Given information below:
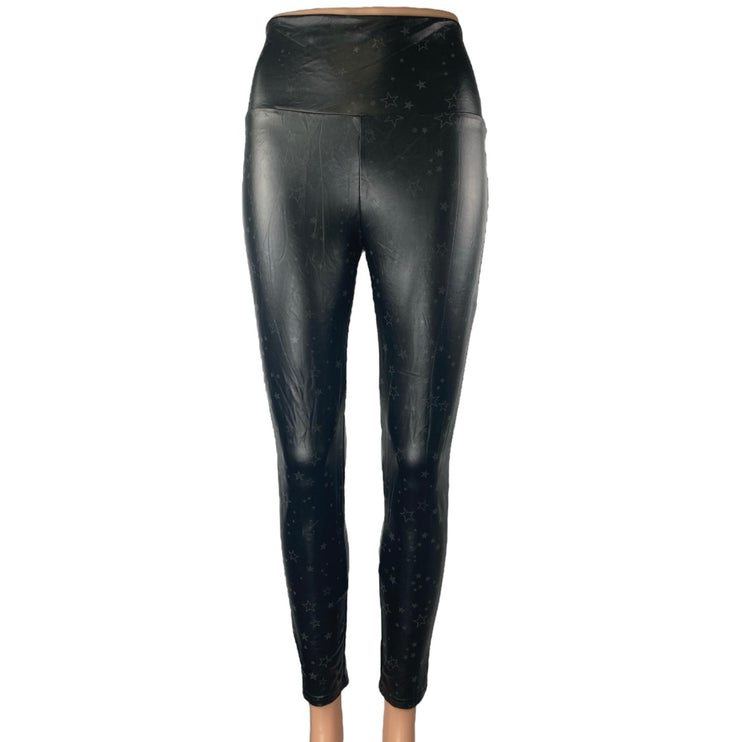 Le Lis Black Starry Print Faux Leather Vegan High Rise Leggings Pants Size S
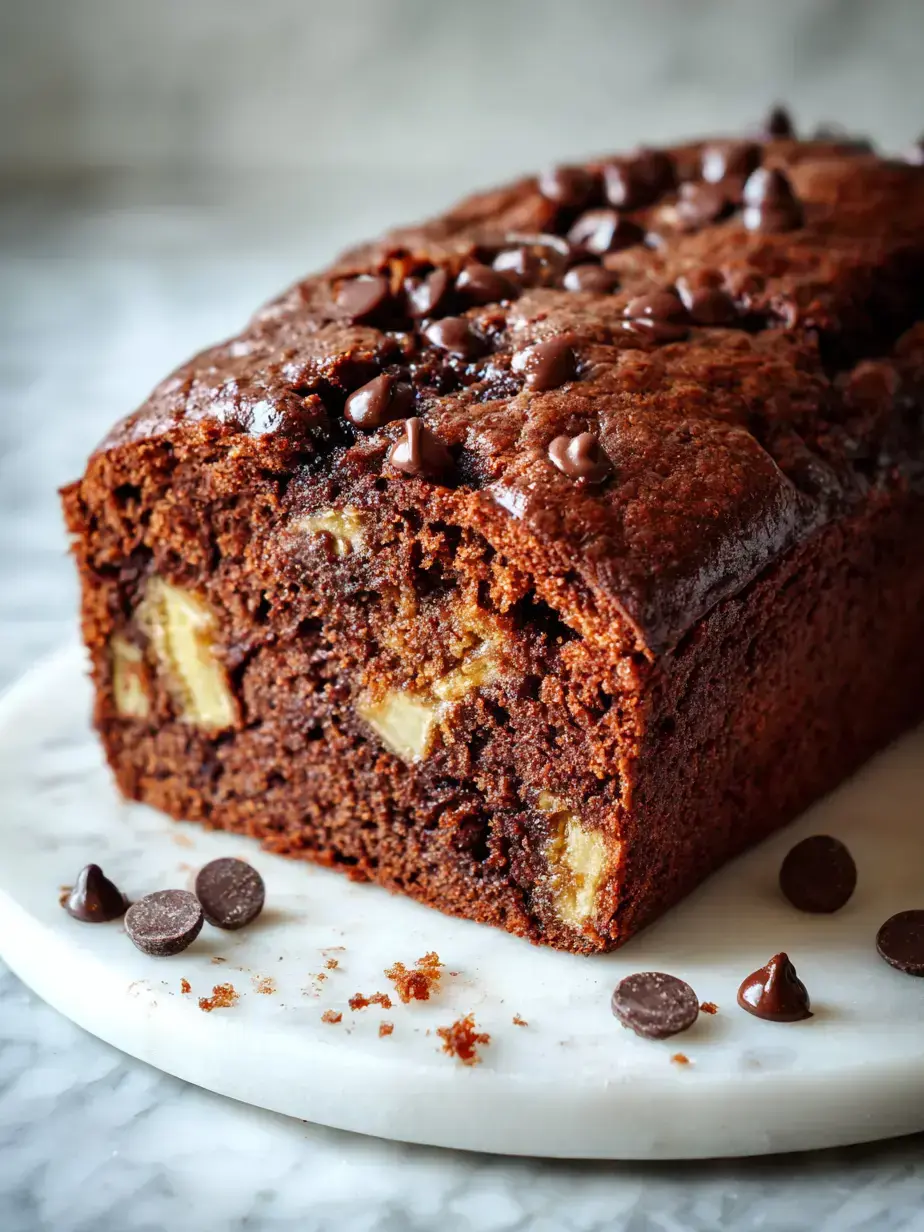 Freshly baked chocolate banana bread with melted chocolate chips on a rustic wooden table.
End of Given information.
Given information below:
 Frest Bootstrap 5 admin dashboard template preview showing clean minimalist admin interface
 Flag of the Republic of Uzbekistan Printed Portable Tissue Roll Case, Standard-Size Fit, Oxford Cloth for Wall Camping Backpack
End of Given information.
Given information below:
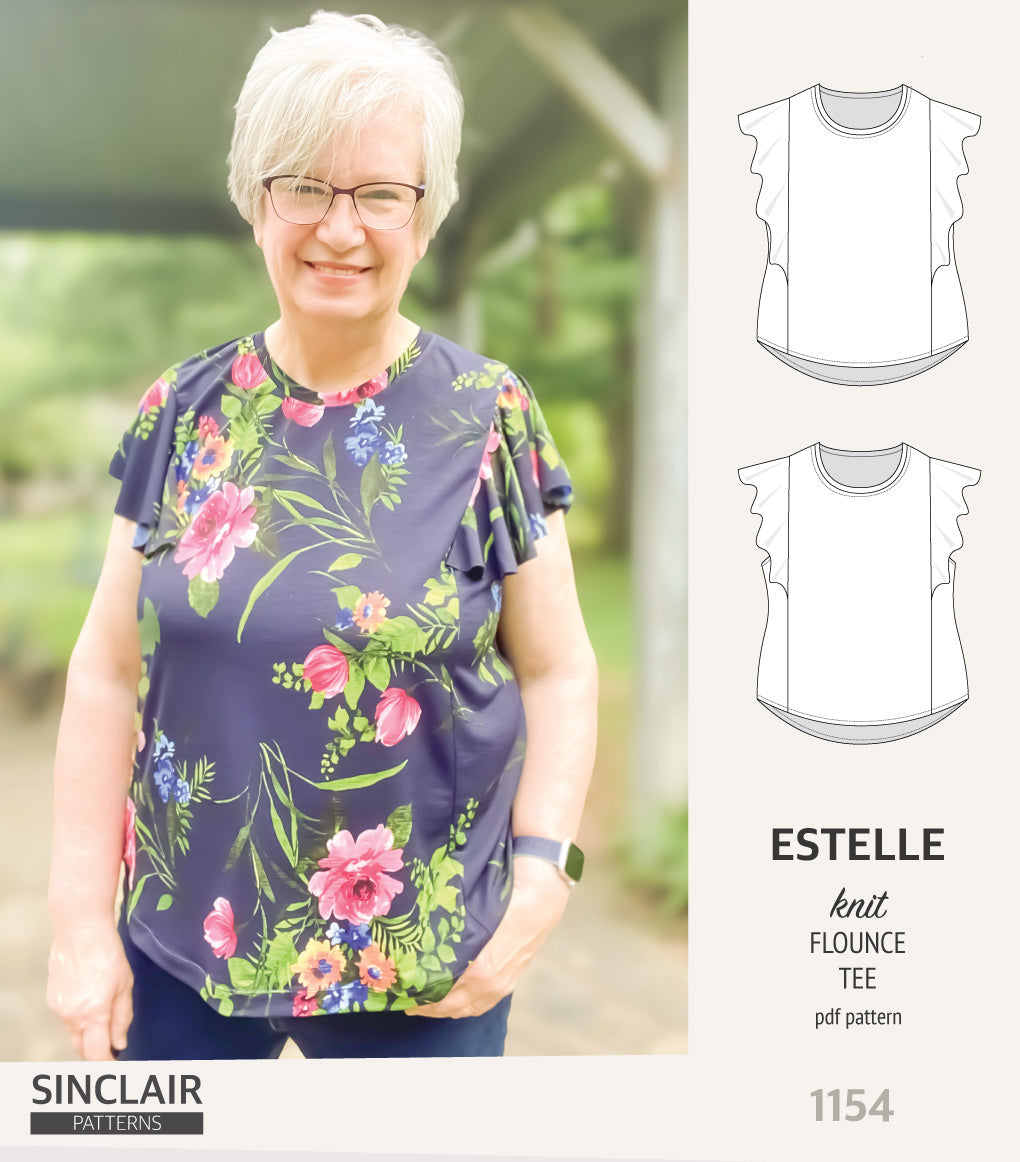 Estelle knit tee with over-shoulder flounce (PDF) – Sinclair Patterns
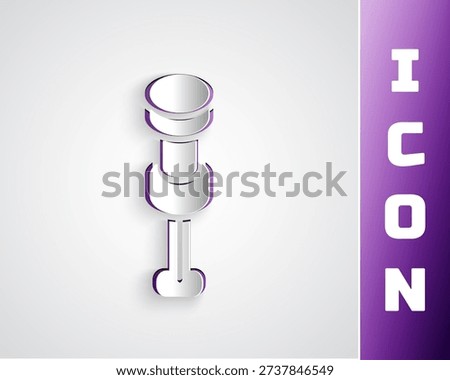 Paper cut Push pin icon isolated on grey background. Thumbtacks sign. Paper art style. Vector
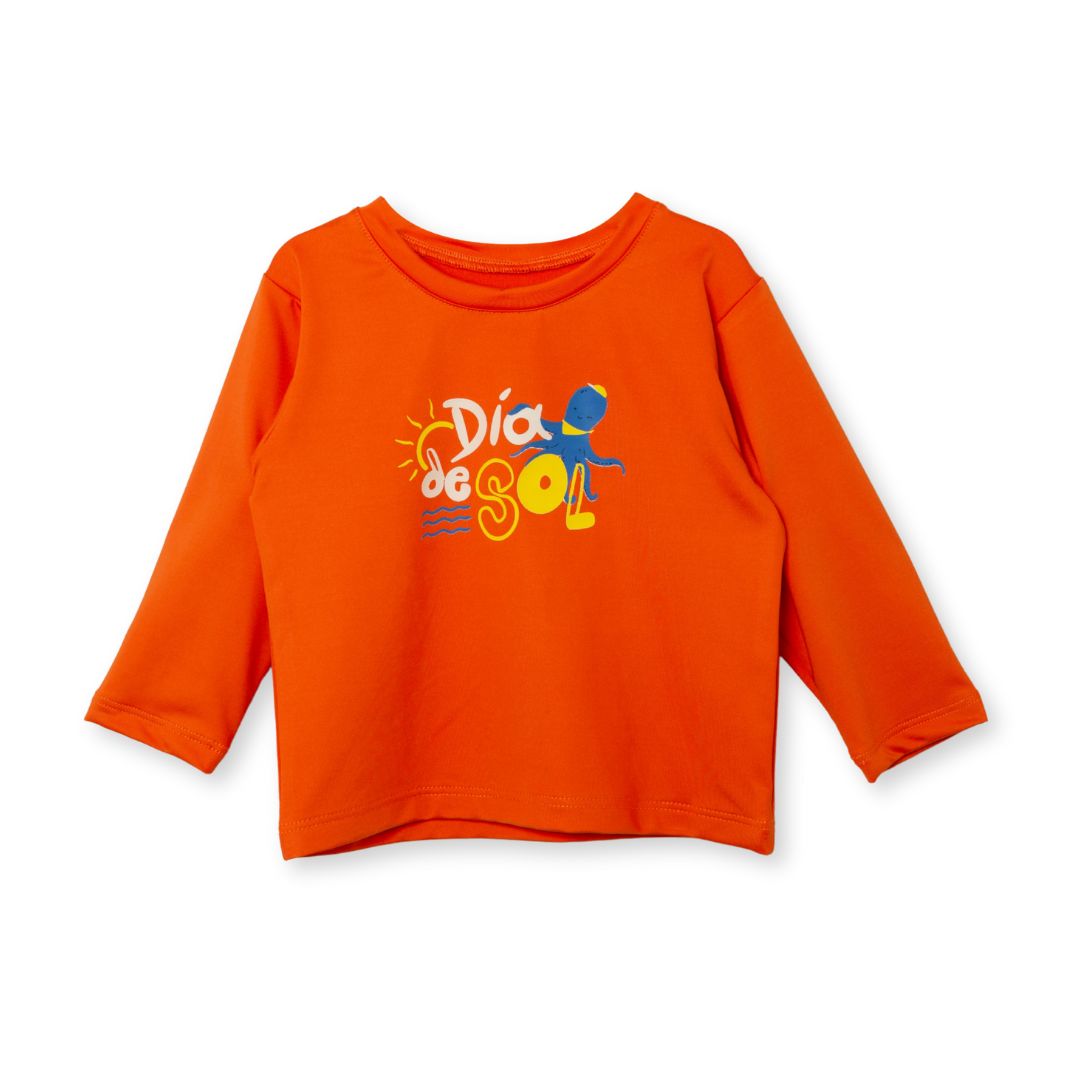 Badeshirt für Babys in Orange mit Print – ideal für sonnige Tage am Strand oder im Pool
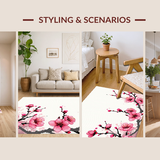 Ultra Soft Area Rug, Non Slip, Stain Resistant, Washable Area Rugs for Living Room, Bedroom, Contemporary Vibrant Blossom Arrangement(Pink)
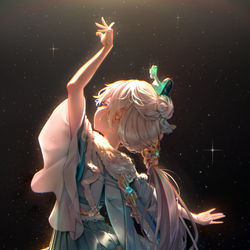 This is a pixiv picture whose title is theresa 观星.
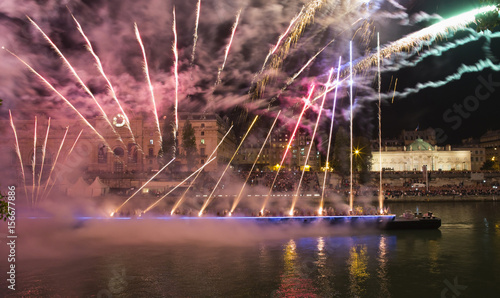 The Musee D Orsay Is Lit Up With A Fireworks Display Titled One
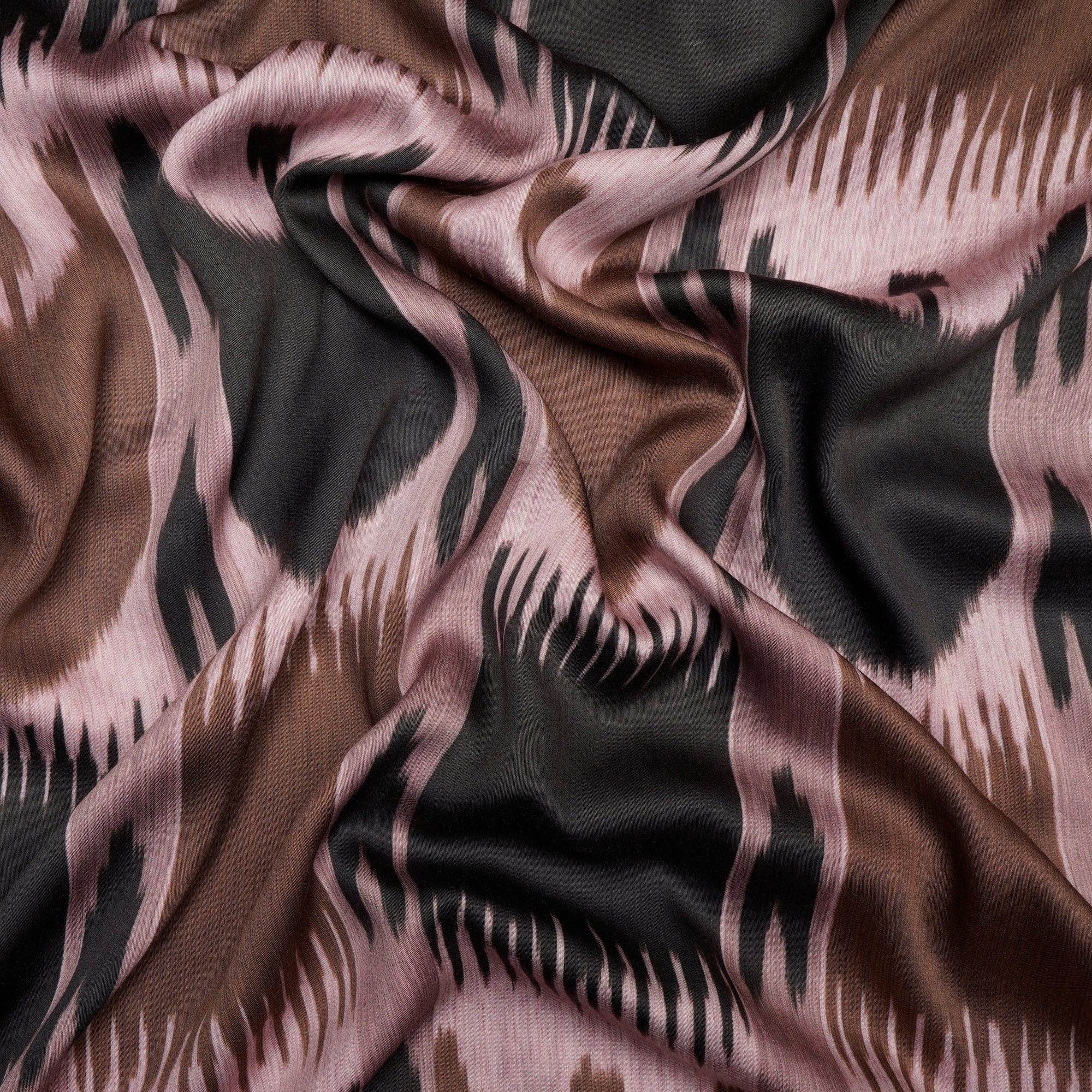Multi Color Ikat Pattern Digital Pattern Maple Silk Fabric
End of Given information.
When you reach the line with "Le Lis Black" in the records above, begin repeating the lines exactly, and stop after the line with "Freshly baked chocolate". Skip all pictures.

Output →
 Le Lis Black Starry Print Faux Leather Vegan High Rise Leggings Pants Size S
 Freshly baked chocolate banana bread with melted chocolate chips on a rustic wooden table.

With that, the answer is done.